Directions for this task → Omit the images, then repeat the listing exactly.

Extracted entries →
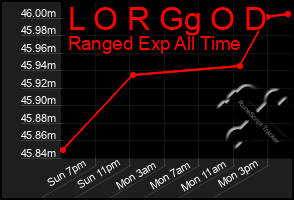 Total Graph of L O R Gg O D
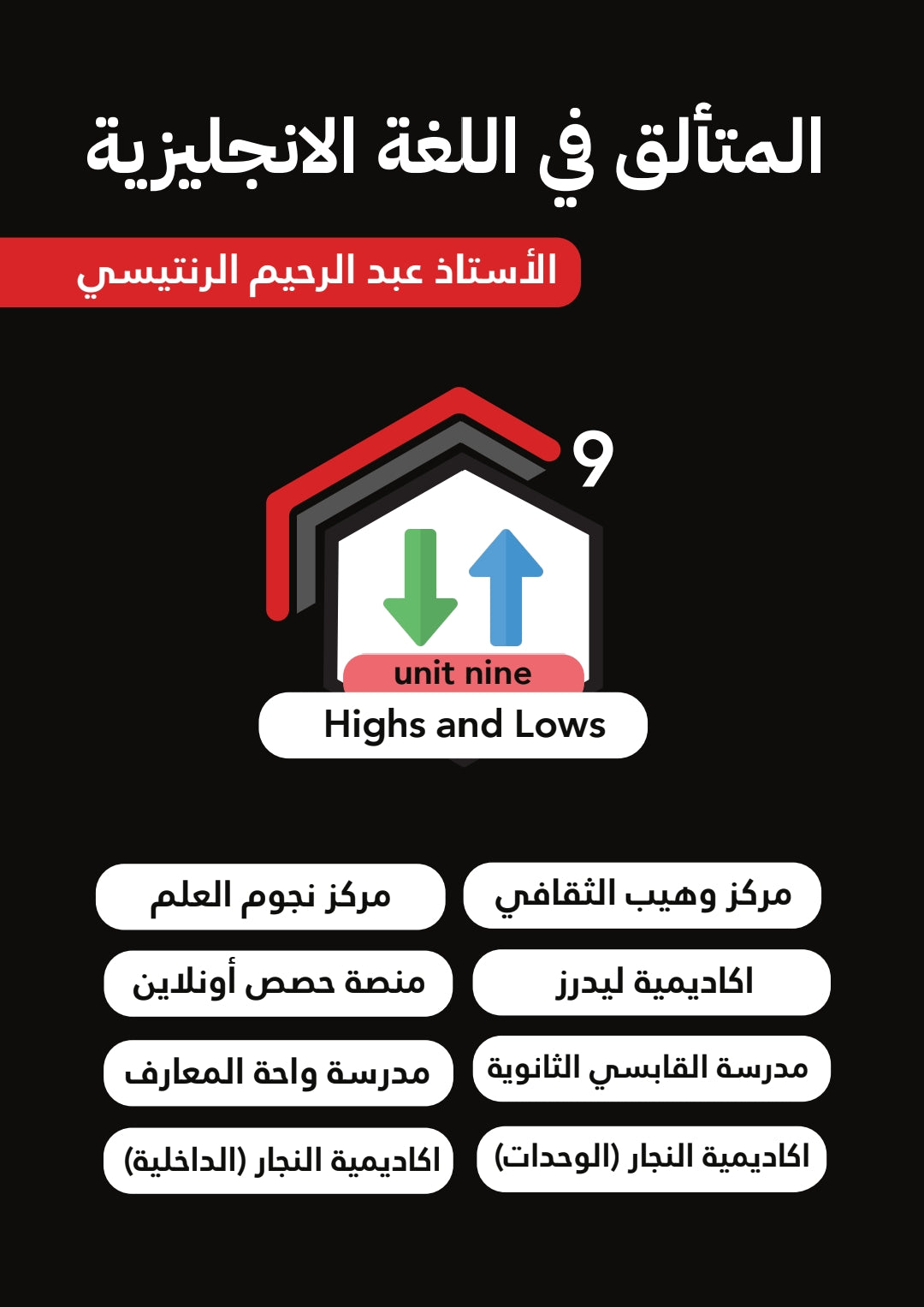 دوسية المتألق في اللغة الانجليزية أ.عبد الرحيم الرنتيسي الوحدة 9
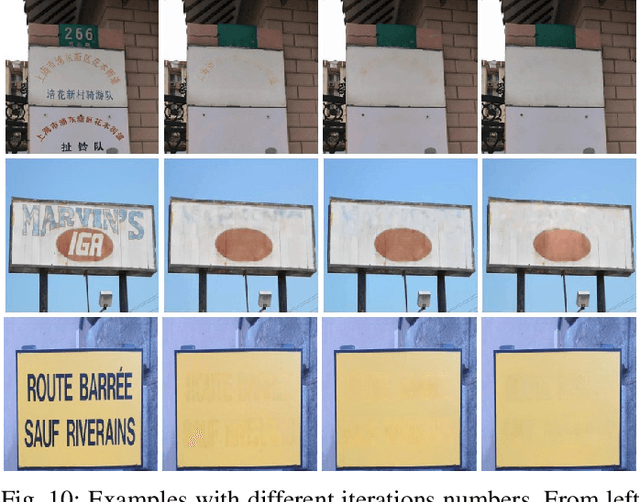 Figure 2 for Progressive Scene Text Erasing with Self-Supervision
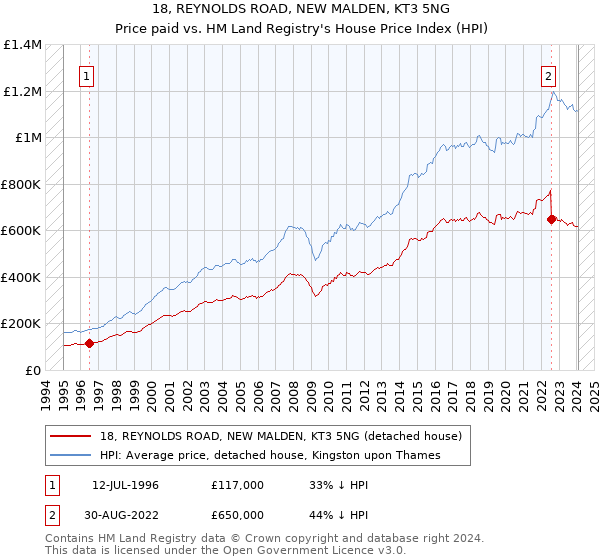 18, REYNOLDS ROAD, NEW MALDEN, KT3 5NG: Price paid vs HM Land Registry's House Price Index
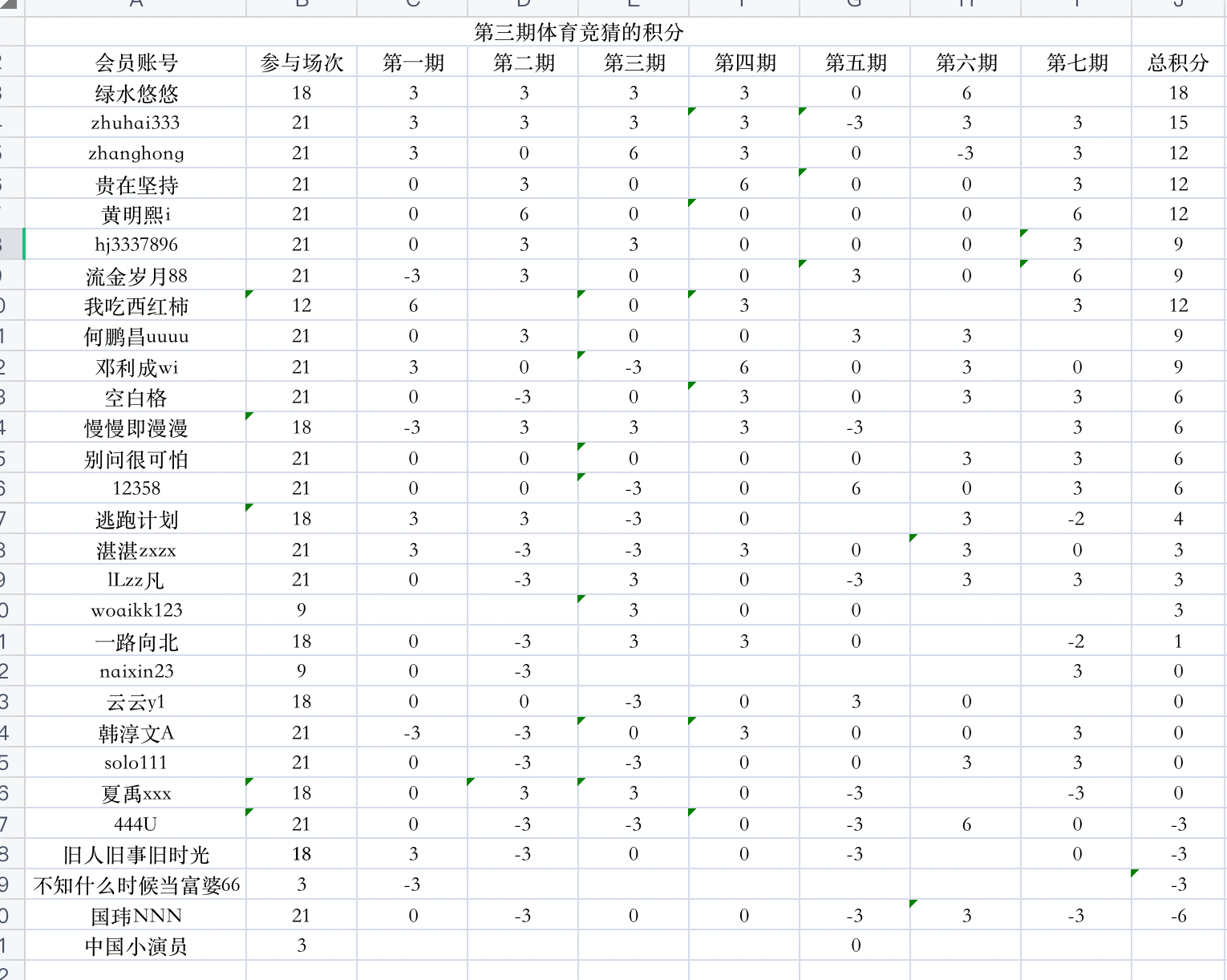 截屏2023-03-07 下午6.44.18.png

Expected answer →
 Total Graph of L O R Gg O D
 دوسية المتألق في اللغة الانجليزية أ.عبد الرحيم الرنتيسي الوحدة 9
 Figure 2 for Progressive Scene Text Erasing with Self-Supervision
 18, REYNOLDS ROAD, NEW MALDEN, KT3 5NG: Price paid vs HM Land Registry's House Price Index
 截屏2023-03-07 下午6.44.18.png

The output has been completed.